══ Input material
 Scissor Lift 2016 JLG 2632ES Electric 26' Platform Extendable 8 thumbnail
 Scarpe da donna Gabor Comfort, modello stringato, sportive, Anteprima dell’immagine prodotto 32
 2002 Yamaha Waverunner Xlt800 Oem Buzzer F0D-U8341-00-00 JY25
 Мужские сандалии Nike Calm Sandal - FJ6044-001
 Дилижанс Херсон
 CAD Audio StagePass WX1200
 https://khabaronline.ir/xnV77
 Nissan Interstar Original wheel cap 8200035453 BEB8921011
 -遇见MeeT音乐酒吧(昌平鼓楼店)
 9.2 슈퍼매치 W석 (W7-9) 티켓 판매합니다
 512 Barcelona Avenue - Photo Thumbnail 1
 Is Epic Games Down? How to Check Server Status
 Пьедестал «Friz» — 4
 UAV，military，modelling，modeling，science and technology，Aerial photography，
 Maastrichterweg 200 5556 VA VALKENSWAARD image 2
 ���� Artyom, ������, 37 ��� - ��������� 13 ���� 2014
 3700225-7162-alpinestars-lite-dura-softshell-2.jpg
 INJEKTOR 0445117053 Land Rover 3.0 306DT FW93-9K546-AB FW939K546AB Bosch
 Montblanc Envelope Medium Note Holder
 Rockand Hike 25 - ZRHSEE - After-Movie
════
══ Input material
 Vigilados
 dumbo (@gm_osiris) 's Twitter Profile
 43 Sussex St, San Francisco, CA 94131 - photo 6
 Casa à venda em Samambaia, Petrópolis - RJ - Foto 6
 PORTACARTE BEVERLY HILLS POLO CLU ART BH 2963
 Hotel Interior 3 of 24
════
*How to complete this task*: Working from the material above, retype exactly the lines from the one with "Nissan Interstar Original" through the one with "Maastrichterweg 200 5556", both included, and only those lines.

*Result of the task*:
 Nissan Interstar Original wheel cap 8200035453 BEB8921011
 -遇见MeeT音乐酒吧(昌平鼓楼店)
 9.2 슈퍼매치 W석 (W7-9) 티켓 판매합니다
 512 Barcelona Avenue - Photo Thumbnail 1
 Is Epic Games Down? How to Check Server Status
 Пьедестал «Friz» — 4
 UAV，military，modelling，modeling，science and technology，Aerial photography，
 Maastrichterweg 200 5556 VA VALKENSWAARD image 2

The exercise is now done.